In deze zaak heeft de Rechtbank Den Haag op 10 mei 2021 uitspraak gedaan in een asielprocedure waarbij de eiser, een Iraakse nationaliteit claimende vreemdeling, zijn aanvraag voor een verblijfsvergunning asiel voor bepaalde tijd had ingediend. De aanvraag werd door de Staatssecretaris van Justitie en Veiligheid afgewezen als kennelijk ongegrond, op basis van artikel 31 van de Vreemdelingenwet 2000. Eiser had eerder, in 2015, een asielaanvraag ingediend, die ook was afgewezen, maar deze was later door de rechtbank vernietigd. De rechtbank oordeelde dat de Staatssecretaris in strijd met het zorgvuldigheidsbeginsel had gehandeld door eiser niet tijdig te informeren over relevante informatie van het Team Onderzoek Expertise Land en Taal (TOELT).
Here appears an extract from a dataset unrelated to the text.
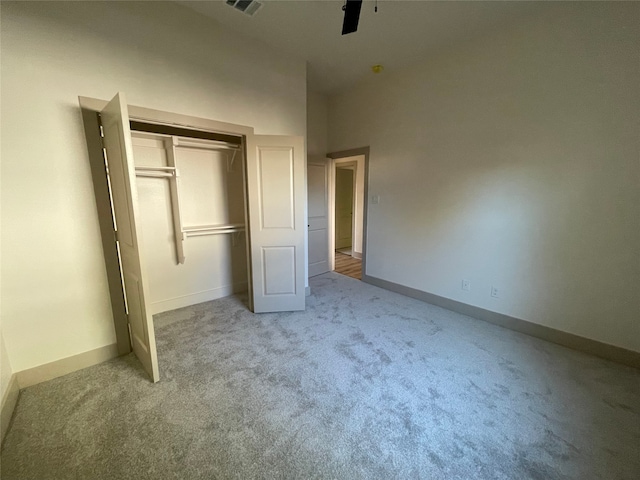 unfurnished bedroom with ceiling fan, a closet, and carpet floors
Tijdens de zitting op 8 april 2021, waar eiser werd bijgestaan door zijn gemachtigde en een tolk, werd de geloofwaardigheid van zijn identiteit, nationaliteit en herkomst ter discussie gesteld. De rechtbank concludeerde dat de door eiser overgelegde identiteitsdocumenten vals waren en dat zijn verklaringen over zijn herkomst en leefomgeving niet geloofwaardig waren. De rechtbank baseerde haar oordeel op taalkundig onderzoek van TOELT, dat concludeerde dat eiser niet de taal sprak die typisch is voor zijn geclaimde herkomstgebied. Eiser had ook een contra-expertise ingediend, maar de rechtbank oordeelde dat deze niet voldoende was om de conclusies van TOELT te weerleggen.
De rechtbank verklaarde het beroep ongegrond en oordeelde dat de Staatssecretaris zich op het standpunt had mogen stellen dat eiser zijn identiteit en herkomst niet aannemelijk had gemaakt. De rechtbank weigerde ook om een derde deskundige in te schakelen, omdat de rapporten van TOELT voldoende onderbouwd waren. De uitspraak werd gedaan door mr. M.J.L. van der Waals, rechter, en is openbaar gemaakt op 10 mei 2021. Tegen deze uitspraak kan binnen een week hoger beroep worden ingesteld bij de Afdeling bestuursrechtspraak van de Raad van State.